> _WORK REQUEST_: Print, exactly and with no pictures, the line containing "this 1200×675 image." and each line after it to the end of the entries below.

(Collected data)
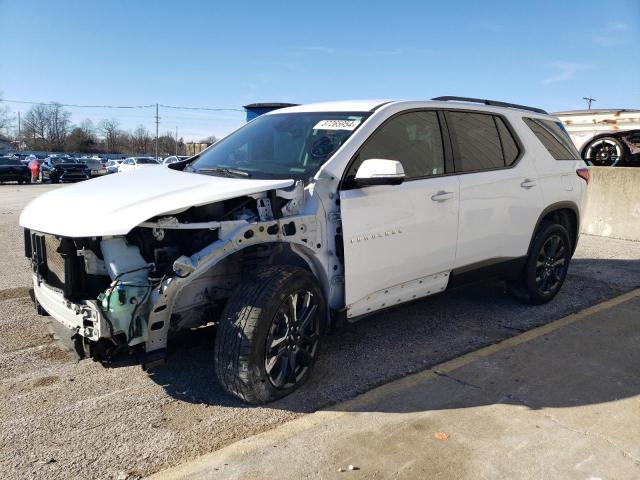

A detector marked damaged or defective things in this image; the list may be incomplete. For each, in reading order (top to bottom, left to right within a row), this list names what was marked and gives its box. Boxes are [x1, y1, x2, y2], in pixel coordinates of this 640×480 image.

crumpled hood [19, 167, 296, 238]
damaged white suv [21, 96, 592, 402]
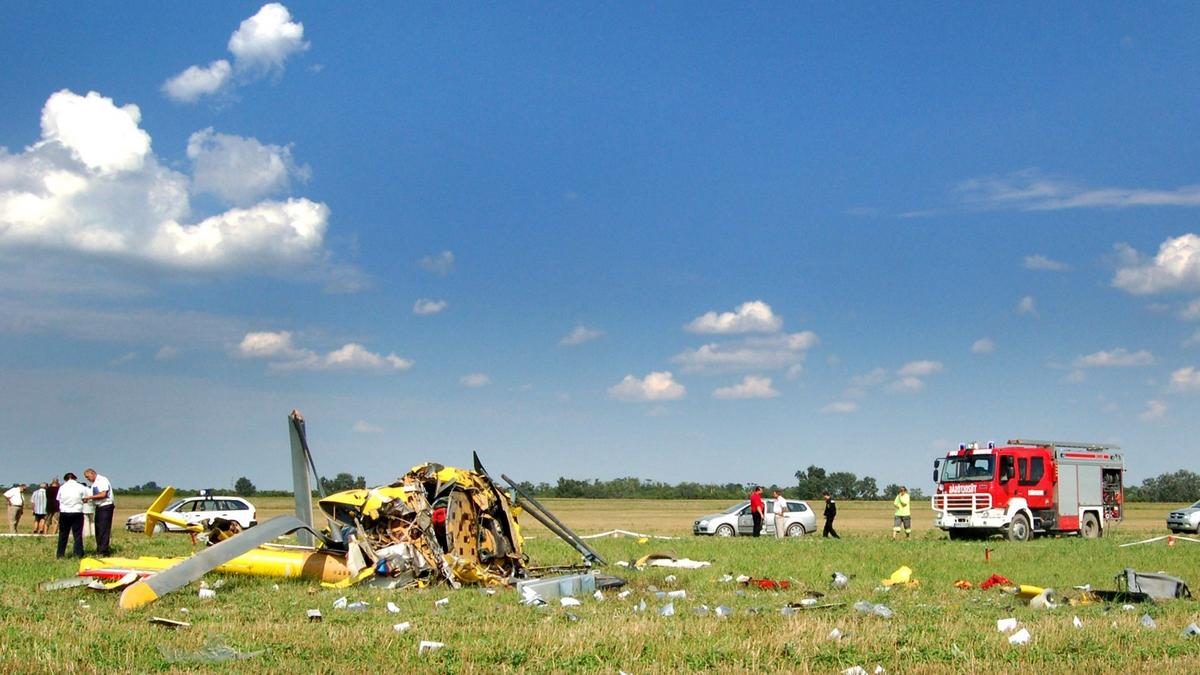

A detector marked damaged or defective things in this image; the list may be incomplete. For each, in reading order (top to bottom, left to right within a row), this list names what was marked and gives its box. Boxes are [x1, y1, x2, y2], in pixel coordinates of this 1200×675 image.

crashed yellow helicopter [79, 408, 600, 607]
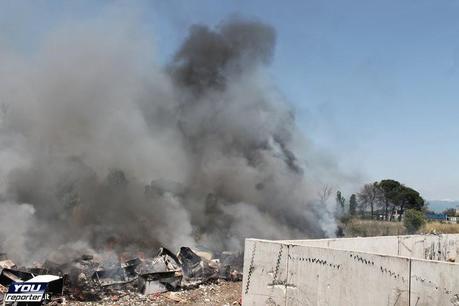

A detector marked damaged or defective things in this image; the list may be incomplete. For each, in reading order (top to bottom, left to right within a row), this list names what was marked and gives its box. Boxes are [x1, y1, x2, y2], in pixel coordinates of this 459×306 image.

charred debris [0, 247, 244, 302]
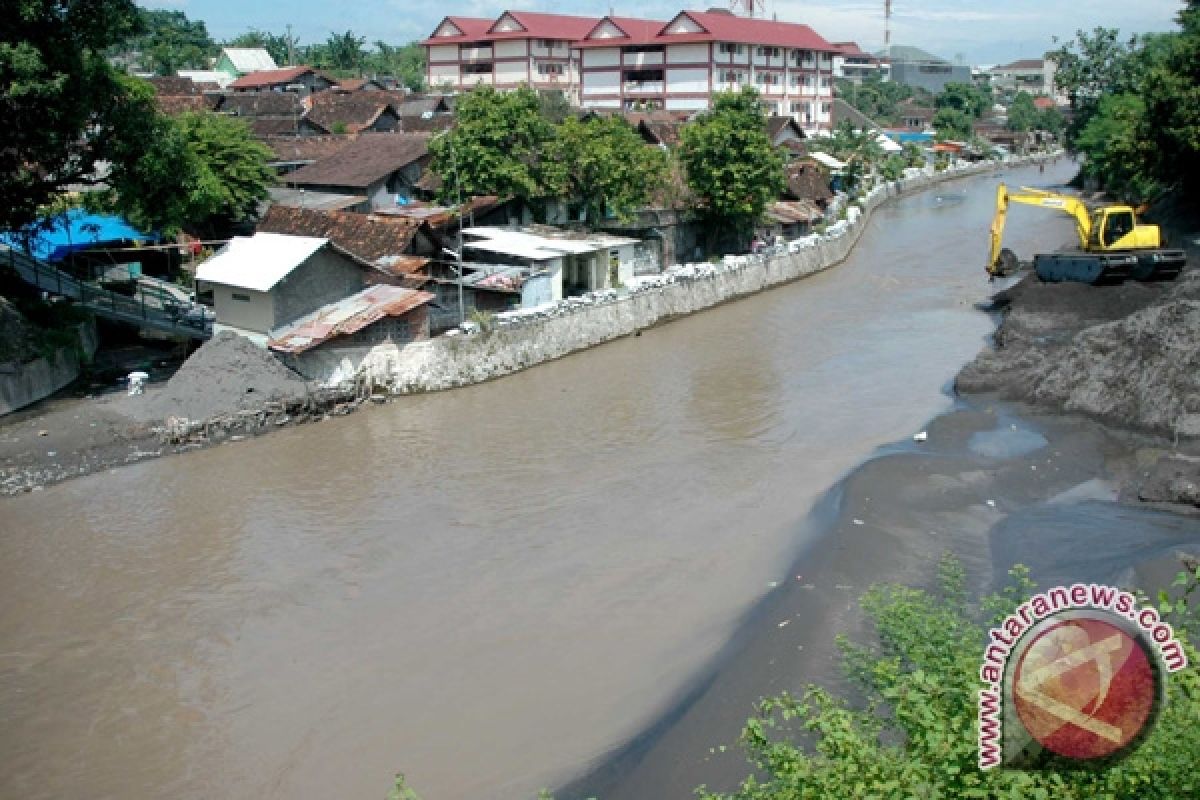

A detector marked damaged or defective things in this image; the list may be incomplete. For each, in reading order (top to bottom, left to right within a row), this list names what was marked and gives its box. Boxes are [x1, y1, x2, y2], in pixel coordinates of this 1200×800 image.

> _OUTPUT FOR THIS TASK_:
A detector marked damaged or defective things in this image; the list may be incomplete. For each, in reading order (top to bottom, left to right within a row), this list names what was marked and gives its box. Boxes are [x1, y1, x2, y2], in pixel coordinates of this 1200×675 image.

crashed yellow helicopter [79, 408, 600, 607]

A detector marked damaged or defective things in this image; the list may be incomplete. For each, in reading order (top to bottom, left to right within a row), this list names what was marked and gives its box. Boxes are [x1, y1, x2, y2], in pixel coordinates of this 459×306 image.

charred debris [0, 247, 244, 302]

A detector marked damaged or defective things in this image; the list may be incomplete. For each, in reading order (top to bottom, left to right within a row), this list names what was marked and gives its box. Boxes are [x1, y1, x2, y2], in pixel coordinates of this 1200×800 image.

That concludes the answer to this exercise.